Его руки не боялись их с самого детства. С 10 лет он работал почти наравне со взрослыми. В то время, да еще на селе, никто и не знал законов об охране детского труда. Маленький Отари вместе с родителями от зари до зари обрабатывал колхозные плантации, на которых выращивали виноград, кукурузу, картофель. А когда подрос и окрепли руки, Батломо Чакветадзе, отец, сказал: «Все, хватит, пора тебе, сын, осваивать настоящее ремесло!» — и отвел на винный завод в бондарную мастерскую.
Но это — дела давно минувших лет. После этого прошло много разных эпох — были годы разгула пьянства и оголтелого гонения на бокал вина. Холили и лелеяли виноградную лозу, а затем пускали под бульдозер — всякого хватало. А Отари делал бочки и бочата, все так же из дуба, иногда из липы. Бывало, правда, и без работы сидел, когда райкомы вкрутую взялись за искоренение… чего там они искореняли, Отари так и не понял толком. Только вот его ремесло подкосили, но все же не уничтожили.
На Пластунке во многих грузинских семьях еще и сейчас сохранились традиции виноградарства, каждый уважающий себя «хозяин двора» держит в нем и бочку с солнечным напитком. Отари охотно откликнулся на предложение сочинского предпринимателя Семена Учадзе переехать сюда и поставить старое искусство на новый уровень.
— Трудно сделать бочку? — спрашиваю у мастера. Он сначала хитровато посмотрел на меня, немного помолчал и неожиданно ответил так: «Да нет, чепуха!.. Сушишь клепку, обрабатываешь ее, профилируешь, выставляешь, разогреваешь, обтачиваешь, придаешь форму, обвариваешь, обтачиваешь, насаживаешь кольца, обрабатываешь изнутри, обжигаешь, ставишь дно, снимаешь временные кольца, ставишь постоянные и закрываешь крышкой, сверлишь дырку под кран, проверяешь на течь, всего-то около двадцати операций. И… бочка готова!» А потом неожиданно предложил: «Попробуешь?»
Ну, раз так просто, почему бы и не попробовать? Беру в руки струг и заготовку для клепки… Впрочем, через пять минуть понимаю, что попал впросак: дуб оказывается железным, а струг — острым только для пальца, который чудом уцелел после неуклюжего движения. Ведь говорил же мастер, что три года учиться надо…
Сам Отари за два дня любую бочку смастерит. Причем, чем меньше емкость, тем сложнее работа. Делает он бочата и на пять литров — своим изяществом те больше на сувенир похожи, нежели на сосуд для кваса, а на другой день закладывает основу под «тысячную» бочку — и с такой же любовью «доводит до ума» и ее тоже.

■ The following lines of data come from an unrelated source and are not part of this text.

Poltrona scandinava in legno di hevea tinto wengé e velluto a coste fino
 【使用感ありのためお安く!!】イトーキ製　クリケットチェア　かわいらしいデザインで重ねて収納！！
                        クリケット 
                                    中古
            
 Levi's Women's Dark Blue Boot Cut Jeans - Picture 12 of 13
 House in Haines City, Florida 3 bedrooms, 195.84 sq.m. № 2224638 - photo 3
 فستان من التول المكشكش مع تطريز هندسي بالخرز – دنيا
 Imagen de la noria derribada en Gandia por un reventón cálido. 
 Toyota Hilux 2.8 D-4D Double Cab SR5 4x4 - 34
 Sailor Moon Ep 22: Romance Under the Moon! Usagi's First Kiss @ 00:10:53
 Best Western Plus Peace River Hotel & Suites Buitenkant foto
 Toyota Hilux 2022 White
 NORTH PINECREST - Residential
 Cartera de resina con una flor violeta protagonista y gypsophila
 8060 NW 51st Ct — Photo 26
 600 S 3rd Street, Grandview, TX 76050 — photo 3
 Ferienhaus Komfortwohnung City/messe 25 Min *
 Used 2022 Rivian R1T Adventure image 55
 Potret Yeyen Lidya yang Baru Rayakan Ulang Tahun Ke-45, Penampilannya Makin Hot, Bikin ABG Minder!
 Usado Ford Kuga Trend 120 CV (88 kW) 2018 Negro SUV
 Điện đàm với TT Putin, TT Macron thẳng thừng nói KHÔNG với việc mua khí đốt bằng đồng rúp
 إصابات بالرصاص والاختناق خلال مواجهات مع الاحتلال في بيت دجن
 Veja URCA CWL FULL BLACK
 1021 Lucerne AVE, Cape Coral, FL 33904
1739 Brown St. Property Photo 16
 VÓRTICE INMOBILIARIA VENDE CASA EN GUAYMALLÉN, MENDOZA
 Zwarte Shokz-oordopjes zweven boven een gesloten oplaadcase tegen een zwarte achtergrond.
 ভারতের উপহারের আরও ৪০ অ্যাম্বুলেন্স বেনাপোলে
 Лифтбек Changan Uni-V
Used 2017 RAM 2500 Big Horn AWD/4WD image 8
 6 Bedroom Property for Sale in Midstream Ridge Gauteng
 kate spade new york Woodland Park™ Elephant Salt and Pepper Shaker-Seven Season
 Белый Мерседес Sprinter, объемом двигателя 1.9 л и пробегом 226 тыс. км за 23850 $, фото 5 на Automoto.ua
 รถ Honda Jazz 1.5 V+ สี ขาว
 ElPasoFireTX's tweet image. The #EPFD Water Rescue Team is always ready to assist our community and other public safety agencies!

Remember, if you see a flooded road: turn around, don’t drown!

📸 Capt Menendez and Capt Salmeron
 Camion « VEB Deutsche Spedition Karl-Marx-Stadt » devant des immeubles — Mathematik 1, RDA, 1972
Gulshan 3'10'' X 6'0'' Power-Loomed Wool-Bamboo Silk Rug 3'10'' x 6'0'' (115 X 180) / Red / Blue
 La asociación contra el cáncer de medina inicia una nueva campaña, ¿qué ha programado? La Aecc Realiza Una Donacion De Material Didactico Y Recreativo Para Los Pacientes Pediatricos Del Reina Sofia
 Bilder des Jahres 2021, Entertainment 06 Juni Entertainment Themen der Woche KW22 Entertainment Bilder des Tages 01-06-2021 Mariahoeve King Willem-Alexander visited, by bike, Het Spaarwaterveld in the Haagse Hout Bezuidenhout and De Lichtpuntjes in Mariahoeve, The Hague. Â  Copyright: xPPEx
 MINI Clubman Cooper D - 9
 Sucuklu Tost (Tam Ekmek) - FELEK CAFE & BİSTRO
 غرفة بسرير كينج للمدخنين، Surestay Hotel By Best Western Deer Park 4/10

И вот что я понял после знакомства с мастером Отари. Без бондарей и их продукции — простых дубовых бочек — мир лишился бы самых интересных крепких спиртных напитков: виски, различных вариантов бренди, коньяка, арманьяка, кавказских «коньяков», старого рома и текилы. Выдам секрет — попробовал, грешным делом, чачи из бочонка, созданного Отари Чакветадзе. Да это же настоящий коньяк многолетней выдержки! Вот что делают натруженные руки настоящего мастера! Разве должна умирать такая профессия? И разве теперь, проходя по Пластунке и встретив на одной из улиц старого мастера, я не поклонюсь ему в сердечном приветствии?